Para muchos, incluso en medio de la pandemia, vacaciones significa pasear y pasear significa abandonar las ciudades, dejar de ver noticias, silenciar el celular y conectarse con la naturaleza.
Irse de vacaciones es un estado mental: es disponerse para disfrutar sensaciones visuales, sonoras, olfativas y táctiles que descansan la mente: es oír el mar, el río, la quebrada. Es sentir la arena en los pies, o el viento frío que golpea la cara; es cambiar de clima y en consecuencia de ropa y admirarse por la velocidad con la que transcurre un atardecer, la solemnidad de un cóndor, el clavado de pesca de un pelícano, la elegancia de una garza, o el canto de un grupo de loros en pleno vuelo.
No practico el avistamiento de aves pero sí he disfrutado su sonido y plumaje en parques como Los Alcázares o el Bosque Popular el Prado, en donde es tan fácil ver pájaros carpinteros, o en la Reserva del Río Blanco, en donde la variedad es mucho más amplia. Hace dos años, en el valle de La Samaria, en San Félix, pude ver gozar el vuelo de un águila y también algunos loros orejiamarillos.

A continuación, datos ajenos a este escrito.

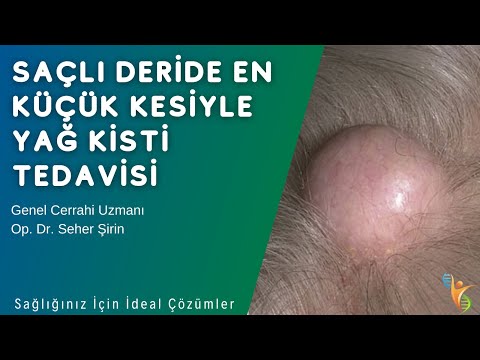 Saçlı Deride En Küçük Kesiyle Yağ Kisti Tedavisi - Op. Dr. Seher ŞİRİN - IDEA Klinik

El loro orejiamarillo es una especie en vía de extinción que habita en donde hay palma de cera. El bosque de palma de cera de San Félix es tan grande y está tan bien conservado que ha permitido que allí se reproduzca este loro de más de 40 cms., que cada día es más difícil de ver, como son también cada día más limitados los espacios para la palma de cera, el árbol emblema de Colombia.
Aunque la palma de cera se asocia con el Valle del Cocora, en Quindío, hay también otros lugares del país en los que crece majestuosa. En el Páramo de la Yerbabuena, en zona rural de Roncesvalles, en los límites entre Tolima y Valle, Gonzalo Cardona Molina creó en 1998 la Reserva ProAves Loros Andinos, para proteger a estos animales: en el primer conteo que hizo identificó 81 individuos y en el último censo nacional de loro orejiamarillo y cotorra coroniazul contaron 2.895 loros en Roncesvalles.
Lo que para los citadinos es un paseo de vacaciones, salir a ver loros o palmas, ballenas, corales o guacamayas, para algunos es un compromiso a tiempo completo por la defensa de un hábitat, un territorio, un paisaje, un ecosistema. Un proyecto de vida y también, infortunadamente, de muerte.
El regreso de las vacaciones coincidió con la noticia sobre el asesinato del líder ambientalista Gonzalo Cardona Molina en zona rural de la vereda La Unión, de Tuluá. Su crimen se suma al asesinato de Juana Perea, opositora al Puerto de Tribugá en Nuquí, Chocó, ocurrido en octubre pasado; al de Alejandro Llinás, opositor de la caza furtiva y con trampero de armadillos, tigrillos y osos hormigueros en la Sierra Nevada de Santa Marta, y al de Carlos Aldario Arenas Salinas, promotor de la Ruta del Cóndor en el Nevado de Santa Isabel, ocurridos en 2019. Por sus crímenes y los de otros muchos, la ONG Internacional Global Witness dijo el año pasado que Colombia encabeza el ranking mundial de asesinatos a líderes medioambientales: en 2019 murieron violentamente 212 defensores ecológicos en todo el mundo y 64 de estos crímenes ocurrieron en Colombia.
Al inicio de las vacaciones el Gobierno sacó de la Dirección Nacional de Parques Naturales a Julia Miranda, quien llevaba 16 años defendiendo los parques del interés que grupos legales e ilegales tienen sobre territorios protegidos. Su salida y la pandemia de crímenes de ambientalistas, que no cesa, evidencian que, en algunos paisajes con agua pura, verdes intensos y fauna silvestre, la guerra no tiene días de descanso.
Esta columna empezó hablando de vacaciones y terminó con homicidios. Así fue la vida de Gonzalo, Juana, Carlos Aldario y Alejandro: gente que pasó sus días entre palmas, loros, playas, ballenas, cóndores o armadillos y terminó en las páginas judiciales. ¡Qué país!